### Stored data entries
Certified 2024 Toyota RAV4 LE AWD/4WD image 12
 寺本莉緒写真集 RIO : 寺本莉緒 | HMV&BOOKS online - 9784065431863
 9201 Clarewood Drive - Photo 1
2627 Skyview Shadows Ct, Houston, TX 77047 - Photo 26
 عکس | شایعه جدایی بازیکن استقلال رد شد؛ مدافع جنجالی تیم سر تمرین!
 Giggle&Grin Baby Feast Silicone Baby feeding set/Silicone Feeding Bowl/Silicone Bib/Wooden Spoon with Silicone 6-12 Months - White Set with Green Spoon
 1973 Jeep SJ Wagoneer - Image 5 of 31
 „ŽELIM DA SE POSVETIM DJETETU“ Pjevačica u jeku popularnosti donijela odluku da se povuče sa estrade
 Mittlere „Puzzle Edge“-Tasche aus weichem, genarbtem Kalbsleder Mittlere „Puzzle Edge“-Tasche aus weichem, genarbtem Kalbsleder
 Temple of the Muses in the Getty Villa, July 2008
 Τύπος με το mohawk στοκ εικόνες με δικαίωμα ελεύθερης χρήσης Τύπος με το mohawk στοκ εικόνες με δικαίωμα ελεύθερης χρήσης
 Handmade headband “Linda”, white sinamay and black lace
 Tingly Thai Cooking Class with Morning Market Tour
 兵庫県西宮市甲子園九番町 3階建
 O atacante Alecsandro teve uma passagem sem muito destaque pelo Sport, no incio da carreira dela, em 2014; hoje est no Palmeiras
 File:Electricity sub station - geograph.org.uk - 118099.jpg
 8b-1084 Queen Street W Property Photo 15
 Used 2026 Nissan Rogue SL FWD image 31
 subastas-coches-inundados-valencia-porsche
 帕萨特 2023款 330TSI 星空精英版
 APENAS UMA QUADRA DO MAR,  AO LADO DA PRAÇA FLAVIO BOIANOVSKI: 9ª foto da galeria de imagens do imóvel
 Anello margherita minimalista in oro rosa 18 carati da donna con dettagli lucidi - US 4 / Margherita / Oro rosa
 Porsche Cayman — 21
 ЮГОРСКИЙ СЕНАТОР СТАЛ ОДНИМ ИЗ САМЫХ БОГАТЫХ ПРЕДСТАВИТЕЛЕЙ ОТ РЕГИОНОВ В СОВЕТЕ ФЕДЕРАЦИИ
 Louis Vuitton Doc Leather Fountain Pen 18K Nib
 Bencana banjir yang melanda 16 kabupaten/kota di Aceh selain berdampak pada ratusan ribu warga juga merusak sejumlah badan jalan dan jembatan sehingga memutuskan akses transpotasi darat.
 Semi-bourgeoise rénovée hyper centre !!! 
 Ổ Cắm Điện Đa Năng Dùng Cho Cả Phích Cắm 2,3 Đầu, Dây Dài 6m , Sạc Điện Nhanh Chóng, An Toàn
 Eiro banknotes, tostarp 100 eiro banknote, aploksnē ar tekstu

### Directions for this task
Copy word for word the stretch of entries above from the line that has "8b-1084 Queen Street W Property Photo 15" through the line that has "Bencana banjir yang", both ends included, and nothing outside it.

### Finished exercise
 8b-1084 Queen Street W Property Photo 15
 Used 2026 Nissan Rogue SL FWD image 31
 subastas-coches-inundados-valencia-porsche
 帕萨特 2023款 330TSI 星空精英版
 APENAS UMA QUADRA DO MAR,  AO LADO DA PRAÇA FLAVIO BOIANOVSKI: 9ª foto da galeria de imagens do imóvel
 Anello margherita minimalista in oro rosa 18 carati da donna con dettagli lucidi - US 4 / Margherita / Oro rosa
 Porsche Cayman — 21
 ЮГОРСКИЙ СЕНАТОР СТАЛ ОДНИМ ИЗ САМЫХ БОГАТЫХ ПРЕДСТАВИТЕЛЕЙ ОТ РЕГИОНОВ В СОВЕТЕ ФЕДЕРАЦИИ
 Louis Vuitton Doc Leather Fountain Pen 18K Nib
 Bencana banjir yang melanda 16 kabupaten/kota di Aceh selain berdampak pada ratusan ribu warga juga merusak sejumlah badan jalan dan jembatan sehingga memutuskan akses transpotasi darat.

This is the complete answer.